В первые месяцы моего вхождения в московскую жизнь он успел ещё сво­дить меня в мастерскую художника Вайсберга, познакомить с Юрием Трифо­новым, а в своей комнатушке на Юго-Западе однажды заставил читать мои весьма наивные и несовершенные стихи драматургу Александру Володину. Стихи были крайне натуралистические о том, как мои сверстники, оставшиеся в оккупации, в конце декабря 1941-го, когда немцы были выбиты из Калуги, подтаскивали трупы немецких солдат к колонке на нашей улице Циолковско­го, обливали водой, пока мёртвое окоченевшее тело не покрывалось толстой ледяной коркой, садились на него и со свистом летели вниз под горку мимо Дома-музея Циолковского чуть ли не до замёрзшей на жутких холодах той зи­мы Оки.
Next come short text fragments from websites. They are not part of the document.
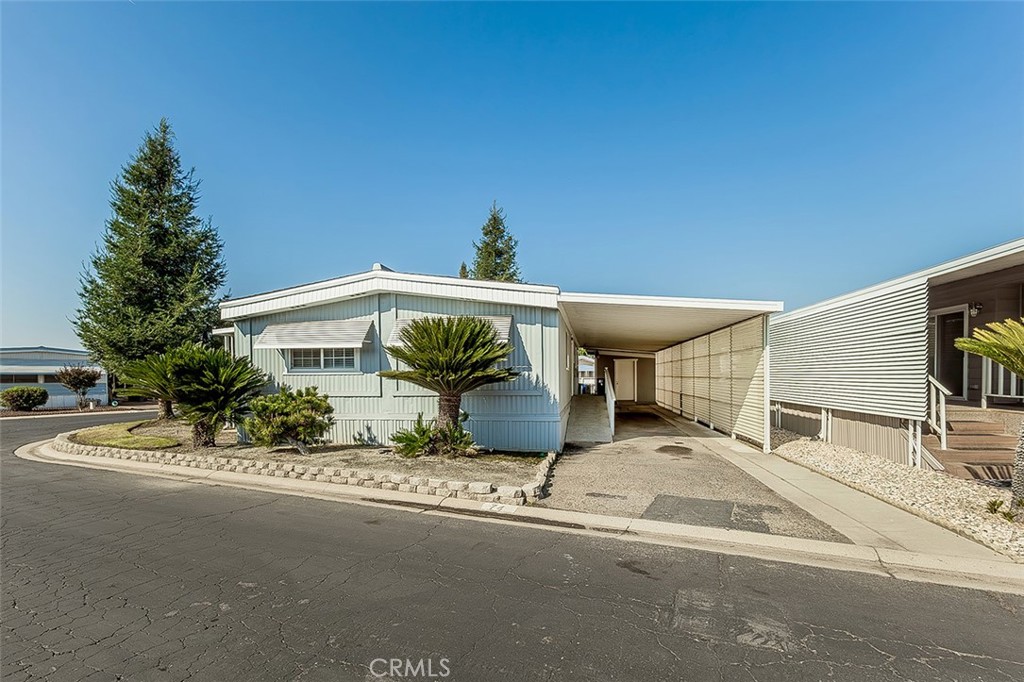 371 Bethel Ave, Sanger, CA 93657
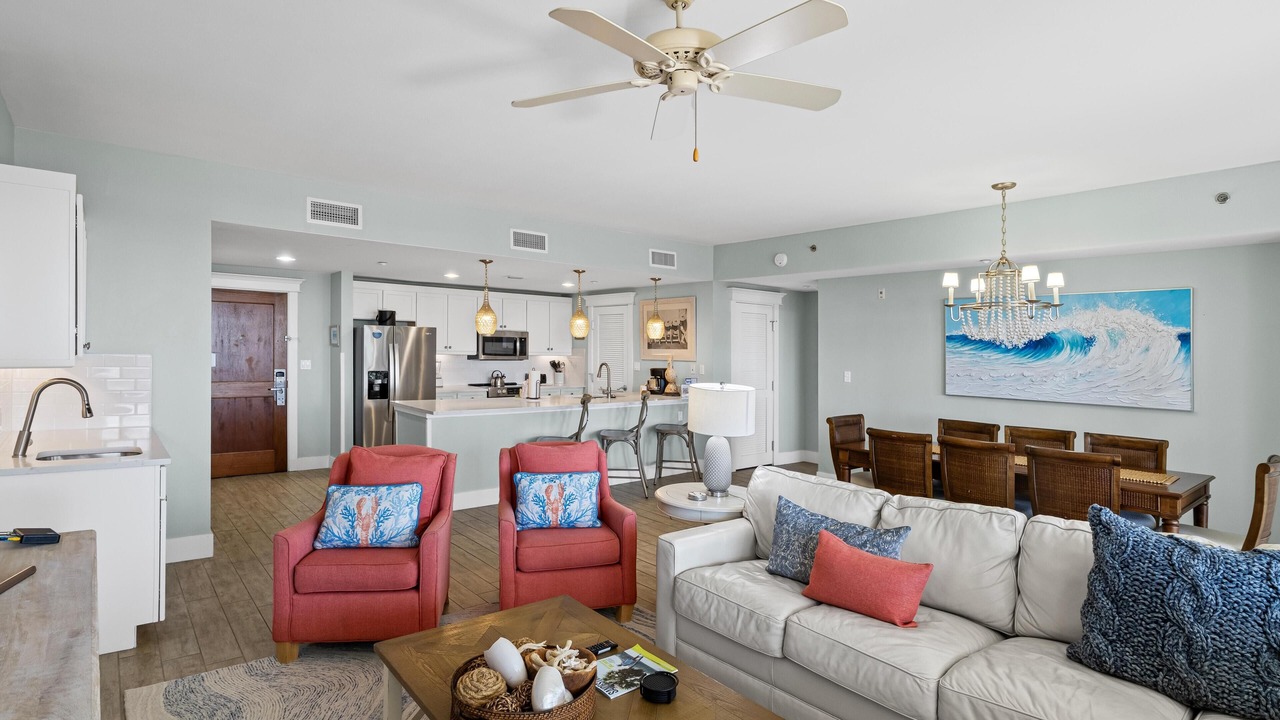 Photo of Livingroom in Baytowne Wharf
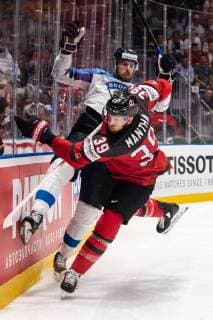 190526 Jani Hakanpää of Finland and Anthony Mantha of Canada during the 2019 IIHF Ice Hockey World Championship gold medal game between Canada and Finland on May 26, 2019 in Bratislava Photo Joel Marklund BILDBYRAN kod JM 87962,  Copyright: JOELxMARKLUND BB190526JM084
Увы, я стал летописцем этого леденящего душу события:

Немцы уходят из города,

стынет декабрьское солнце,

и вот уже звонко от холода,

и под гору мы несёмся

на санках, на самокатах,

а тот, кто из самых смелых, —

на немецких солдатах,

как дерево, обледенелых...

Впечатлительный Александр Володин, не выдерживая моего чтения, закрывал уши ладонями и выскакивал на балкон, а Борис Слуцкий сидел, как “усатый нянь”, самодовольно улыбаясь и гордясь своим новым воспи­танником.

Позднее я понял, что Слуцкий, очень ценивший своё время, был не про­сто филантропом, хотя он выручал меня, да и не только меня, деньгами, делами, советами. За всё это он не грубо, но последовательно ждал по­слушания, групповой дисциплины, проведения в литературной жизни его линии — линии учителя. Он набирал учеников не от избытка чувств, а для дела... Противоречий и несогласий с собой не то чтобы не терпел, но не одобрял и сразу же отдалял от себя “инакомыслящих”. Но что привлекало в Слуцком? Его умение чётко сформулировать ответ на какую-то социально­политическую проблему. Он умел это делать быстрее и смелее других.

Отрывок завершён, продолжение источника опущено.